◆ GIVEN INFORMATION ◆

┌──

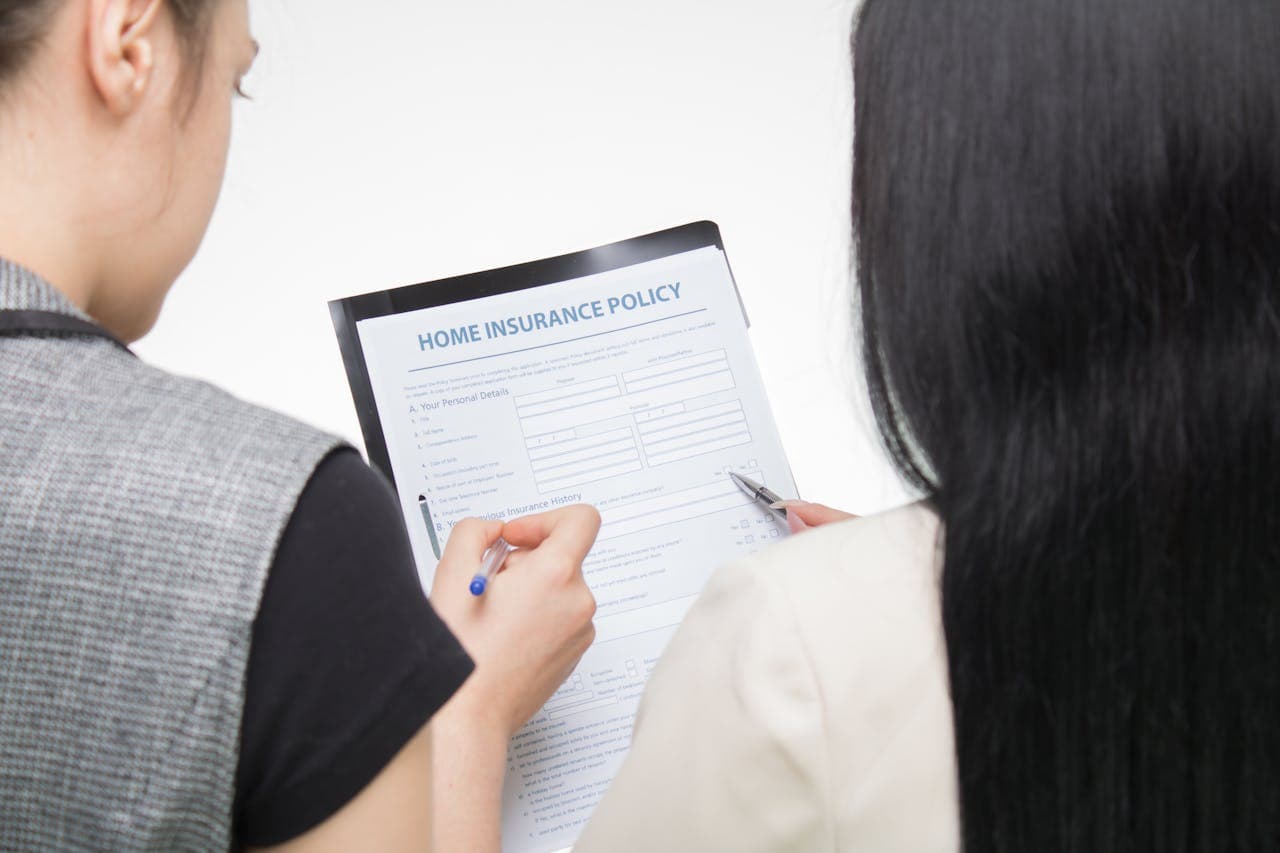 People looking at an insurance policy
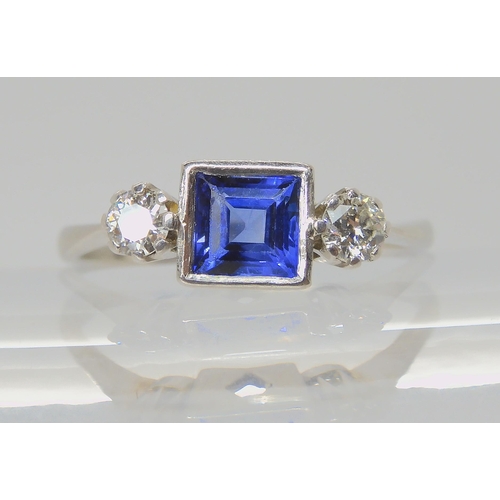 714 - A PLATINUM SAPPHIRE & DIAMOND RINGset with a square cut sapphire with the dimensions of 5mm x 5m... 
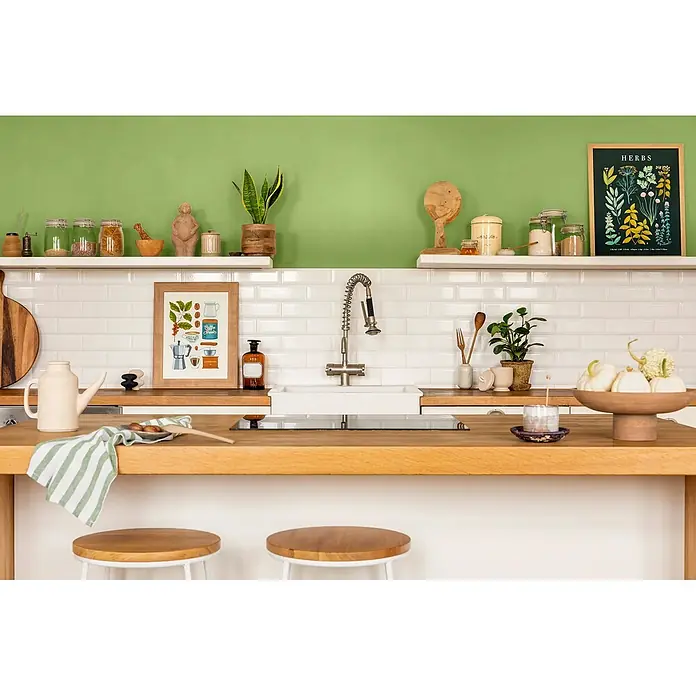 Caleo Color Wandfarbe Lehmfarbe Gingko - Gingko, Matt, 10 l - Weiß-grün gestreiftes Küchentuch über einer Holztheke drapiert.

└──

◆ TASK DETAILS ◆
Write out the data precisely as given, excluding the pictures.

◆ RESULT OF THIS TASK ◆
 People looking at an insurance policy
 714 - A PLATINUM SAPPHIRE & DIAMOND RINGset with a square cut sapphire with the dimensions of 5mm x 5m... 
 Caleo Color Wandfarbe Lehmfarbe Gingko - Gingko, Matt, 10 l - Weiß-grün gestreiftes Küchentuch über einer Holztheke drapiert.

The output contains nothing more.